TASK DIRECTIONS: Report the count of lines below that include "Trees", without any other text.

(Brief descriptive captions)
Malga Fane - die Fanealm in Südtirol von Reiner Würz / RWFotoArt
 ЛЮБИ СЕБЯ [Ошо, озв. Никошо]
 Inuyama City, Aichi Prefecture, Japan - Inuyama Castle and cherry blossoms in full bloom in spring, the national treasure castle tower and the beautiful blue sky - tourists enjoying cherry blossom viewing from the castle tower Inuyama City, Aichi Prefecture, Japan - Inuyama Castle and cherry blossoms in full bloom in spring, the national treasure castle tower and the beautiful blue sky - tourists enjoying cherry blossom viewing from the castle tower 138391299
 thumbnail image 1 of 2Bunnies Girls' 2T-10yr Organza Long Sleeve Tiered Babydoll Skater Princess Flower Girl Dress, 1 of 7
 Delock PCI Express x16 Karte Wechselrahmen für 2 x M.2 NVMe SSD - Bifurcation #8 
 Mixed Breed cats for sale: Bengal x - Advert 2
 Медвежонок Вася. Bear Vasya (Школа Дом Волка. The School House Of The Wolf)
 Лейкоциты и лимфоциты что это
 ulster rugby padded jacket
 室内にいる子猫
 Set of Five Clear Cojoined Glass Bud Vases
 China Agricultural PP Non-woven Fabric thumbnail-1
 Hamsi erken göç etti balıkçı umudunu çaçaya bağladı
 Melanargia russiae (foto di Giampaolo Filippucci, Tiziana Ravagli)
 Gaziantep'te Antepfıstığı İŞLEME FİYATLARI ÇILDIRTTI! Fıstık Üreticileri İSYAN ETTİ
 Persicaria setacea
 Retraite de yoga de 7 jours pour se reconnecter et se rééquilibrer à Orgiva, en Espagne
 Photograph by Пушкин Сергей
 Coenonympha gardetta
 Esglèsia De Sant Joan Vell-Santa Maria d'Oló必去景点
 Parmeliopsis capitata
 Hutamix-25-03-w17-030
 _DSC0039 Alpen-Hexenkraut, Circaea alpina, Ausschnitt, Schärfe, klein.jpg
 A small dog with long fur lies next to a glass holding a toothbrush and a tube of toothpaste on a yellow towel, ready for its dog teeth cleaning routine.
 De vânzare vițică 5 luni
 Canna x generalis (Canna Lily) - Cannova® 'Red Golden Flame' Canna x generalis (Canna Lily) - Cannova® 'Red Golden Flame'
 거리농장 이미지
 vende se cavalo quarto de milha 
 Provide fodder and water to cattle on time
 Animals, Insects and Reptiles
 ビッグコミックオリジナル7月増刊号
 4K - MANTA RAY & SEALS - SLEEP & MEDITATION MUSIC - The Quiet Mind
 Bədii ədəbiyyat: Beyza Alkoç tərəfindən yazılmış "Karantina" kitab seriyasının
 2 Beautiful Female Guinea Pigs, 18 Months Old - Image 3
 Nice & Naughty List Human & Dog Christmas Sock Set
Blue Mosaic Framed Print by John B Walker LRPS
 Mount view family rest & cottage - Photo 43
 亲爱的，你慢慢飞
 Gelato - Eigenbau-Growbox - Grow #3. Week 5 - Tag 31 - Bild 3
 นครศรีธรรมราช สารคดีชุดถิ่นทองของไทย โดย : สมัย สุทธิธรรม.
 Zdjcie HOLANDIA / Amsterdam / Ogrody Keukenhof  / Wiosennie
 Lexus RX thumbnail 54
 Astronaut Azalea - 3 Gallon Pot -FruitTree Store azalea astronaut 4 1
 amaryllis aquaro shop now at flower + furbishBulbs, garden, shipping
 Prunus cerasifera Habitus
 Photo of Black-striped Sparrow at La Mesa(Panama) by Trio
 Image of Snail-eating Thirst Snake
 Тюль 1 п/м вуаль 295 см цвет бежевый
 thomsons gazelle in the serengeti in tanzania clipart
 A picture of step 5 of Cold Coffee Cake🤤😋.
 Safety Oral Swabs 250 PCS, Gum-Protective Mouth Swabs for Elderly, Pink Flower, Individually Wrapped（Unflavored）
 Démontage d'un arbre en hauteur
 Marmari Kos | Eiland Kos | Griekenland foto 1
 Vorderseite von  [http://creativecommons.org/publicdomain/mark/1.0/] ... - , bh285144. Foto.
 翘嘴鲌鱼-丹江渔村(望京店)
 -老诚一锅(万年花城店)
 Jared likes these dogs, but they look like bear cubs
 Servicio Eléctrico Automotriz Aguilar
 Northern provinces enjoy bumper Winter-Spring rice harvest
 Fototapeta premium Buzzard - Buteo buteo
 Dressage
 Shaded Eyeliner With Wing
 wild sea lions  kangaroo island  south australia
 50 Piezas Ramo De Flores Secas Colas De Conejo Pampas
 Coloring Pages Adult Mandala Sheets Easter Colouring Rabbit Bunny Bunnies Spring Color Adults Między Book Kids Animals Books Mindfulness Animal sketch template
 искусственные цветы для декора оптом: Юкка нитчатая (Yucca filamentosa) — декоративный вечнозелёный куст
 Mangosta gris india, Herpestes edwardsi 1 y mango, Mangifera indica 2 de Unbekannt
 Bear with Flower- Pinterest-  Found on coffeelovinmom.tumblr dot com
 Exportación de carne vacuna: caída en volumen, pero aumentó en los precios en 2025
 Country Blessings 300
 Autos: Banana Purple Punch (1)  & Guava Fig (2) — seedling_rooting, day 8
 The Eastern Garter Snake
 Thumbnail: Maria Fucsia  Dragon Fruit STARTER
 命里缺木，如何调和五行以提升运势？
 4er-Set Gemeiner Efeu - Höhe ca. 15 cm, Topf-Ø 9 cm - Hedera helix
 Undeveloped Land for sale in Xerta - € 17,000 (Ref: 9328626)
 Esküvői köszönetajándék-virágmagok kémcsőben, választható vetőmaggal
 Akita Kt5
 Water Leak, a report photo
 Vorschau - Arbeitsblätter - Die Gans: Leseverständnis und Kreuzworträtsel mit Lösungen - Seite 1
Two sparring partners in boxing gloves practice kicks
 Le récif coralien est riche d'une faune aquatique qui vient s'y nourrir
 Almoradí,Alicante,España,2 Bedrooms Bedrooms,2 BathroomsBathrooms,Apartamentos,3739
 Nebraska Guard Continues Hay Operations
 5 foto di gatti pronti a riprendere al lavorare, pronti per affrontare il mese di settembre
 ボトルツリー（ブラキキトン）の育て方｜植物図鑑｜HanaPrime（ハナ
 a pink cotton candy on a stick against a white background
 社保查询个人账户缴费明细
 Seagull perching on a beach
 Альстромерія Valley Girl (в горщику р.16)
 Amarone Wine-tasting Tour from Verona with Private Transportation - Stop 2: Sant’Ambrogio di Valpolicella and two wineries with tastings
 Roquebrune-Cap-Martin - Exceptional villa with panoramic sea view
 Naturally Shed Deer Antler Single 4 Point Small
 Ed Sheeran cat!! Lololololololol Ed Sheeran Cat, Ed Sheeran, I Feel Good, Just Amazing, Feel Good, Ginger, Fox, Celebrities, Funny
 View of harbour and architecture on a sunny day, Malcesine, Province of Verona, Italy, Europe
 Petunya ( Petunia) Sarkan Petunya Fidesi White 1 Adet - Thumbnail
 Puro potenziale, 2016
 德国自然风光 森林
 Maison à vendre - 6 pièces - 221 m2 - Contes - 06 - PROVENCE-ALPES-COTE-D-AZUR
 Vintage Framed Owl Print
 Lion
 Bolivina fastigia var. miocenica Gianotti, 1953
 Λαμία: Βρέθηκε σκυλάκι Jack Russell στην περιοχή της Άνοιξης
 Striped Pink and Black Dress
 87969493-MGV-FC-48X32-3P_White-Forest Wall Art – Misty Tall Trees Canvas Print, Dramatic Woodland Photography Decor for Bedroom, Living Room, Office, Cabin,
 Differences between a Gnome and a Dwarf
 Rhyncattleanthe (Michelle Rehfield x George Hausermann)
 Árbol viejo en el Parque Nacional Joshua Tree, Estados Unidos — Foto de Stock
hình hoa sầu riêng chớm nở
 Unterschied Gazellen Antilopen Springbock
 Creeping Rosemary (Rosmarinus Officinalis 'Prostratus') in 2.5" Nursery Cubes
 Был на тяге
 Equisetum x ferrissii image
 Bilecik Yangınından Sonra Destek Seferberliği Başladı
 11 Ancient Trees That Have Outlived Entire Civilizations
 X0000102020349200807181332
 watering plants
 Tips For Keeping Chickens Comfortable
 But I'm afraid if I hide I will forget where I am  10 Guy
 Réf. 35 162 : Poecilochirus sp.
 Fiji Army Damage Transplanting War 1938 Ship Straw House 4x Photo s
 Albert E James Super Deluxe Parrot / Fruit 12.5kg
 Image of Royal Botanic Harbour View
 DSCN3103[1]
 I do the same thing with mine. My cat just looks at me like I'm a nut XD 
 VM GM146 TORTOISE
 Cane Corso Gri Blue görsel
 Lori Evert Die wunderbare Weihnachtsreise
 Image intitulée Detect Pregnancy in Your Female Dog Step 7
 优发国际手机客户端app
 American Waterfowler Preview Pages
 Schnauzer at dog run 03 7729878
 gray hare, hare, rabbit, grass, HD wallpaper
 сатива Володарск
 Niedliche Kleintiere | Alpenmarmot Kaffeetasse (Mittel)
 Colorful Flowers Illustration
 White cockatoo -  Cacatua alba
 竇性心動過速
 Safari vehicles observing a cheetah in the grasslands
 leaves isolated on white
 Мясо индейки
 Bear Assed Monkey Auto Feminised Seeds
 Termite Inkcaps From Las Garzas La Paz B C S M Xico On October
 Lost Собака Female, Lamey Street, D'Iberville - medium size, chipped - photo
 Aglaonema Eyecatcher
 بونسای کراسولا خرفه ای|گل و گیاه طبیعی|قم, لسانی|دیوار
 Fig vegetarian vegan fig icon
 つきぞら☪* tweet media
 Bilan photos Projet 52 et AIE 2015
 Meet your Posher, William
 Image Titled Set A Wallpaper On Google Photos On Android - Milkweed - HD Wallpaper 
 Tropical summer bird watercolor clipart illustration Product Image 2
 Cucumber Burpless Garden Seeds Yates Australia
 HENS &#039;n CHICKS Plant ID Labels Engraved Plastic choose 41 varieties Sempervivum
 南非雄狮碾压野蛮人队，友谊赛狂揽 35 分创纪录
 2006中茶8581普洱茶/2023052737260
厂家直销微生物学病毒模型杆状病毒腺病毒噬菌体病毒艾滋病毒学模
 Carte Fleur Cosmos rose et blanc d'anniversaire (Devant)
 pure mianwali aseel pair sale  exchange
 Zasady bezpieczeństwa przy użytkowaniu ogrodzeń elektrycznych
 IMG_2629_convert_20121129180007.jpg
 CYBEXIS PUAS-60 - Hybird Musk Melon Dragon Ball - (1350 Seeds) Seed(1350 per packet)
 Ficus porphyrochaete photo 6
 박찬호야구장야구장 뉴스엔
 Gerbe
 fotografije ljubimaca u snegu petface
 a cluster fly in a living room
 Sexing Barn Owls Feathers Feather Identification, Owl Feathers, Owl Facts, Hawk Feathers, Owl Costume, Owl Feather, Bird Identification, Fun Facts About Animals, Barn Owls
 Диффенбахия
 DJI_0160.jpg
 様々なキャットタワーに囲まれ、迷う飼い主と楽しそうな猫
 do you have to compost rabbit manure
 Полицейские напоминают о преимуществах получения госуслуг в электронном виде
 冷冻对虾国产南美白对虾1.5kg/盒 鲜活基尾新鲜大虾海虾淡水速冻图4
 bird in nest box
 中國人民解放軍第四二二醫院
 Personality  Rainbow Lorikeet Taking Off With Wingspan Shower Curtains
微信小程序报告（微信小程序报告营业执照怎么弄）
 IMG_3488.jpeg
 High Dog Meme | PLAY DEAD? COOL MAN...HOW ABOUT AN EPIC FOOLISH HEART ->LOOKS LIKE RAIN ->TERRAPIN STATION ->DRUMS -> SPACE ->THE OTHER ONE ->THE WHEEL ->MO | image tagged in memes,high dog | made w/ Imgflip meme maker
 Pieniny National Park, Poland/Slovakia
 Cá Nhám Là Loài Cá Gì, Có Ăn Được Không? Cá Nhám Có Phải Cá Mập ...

SOLVED EXERCISE: 2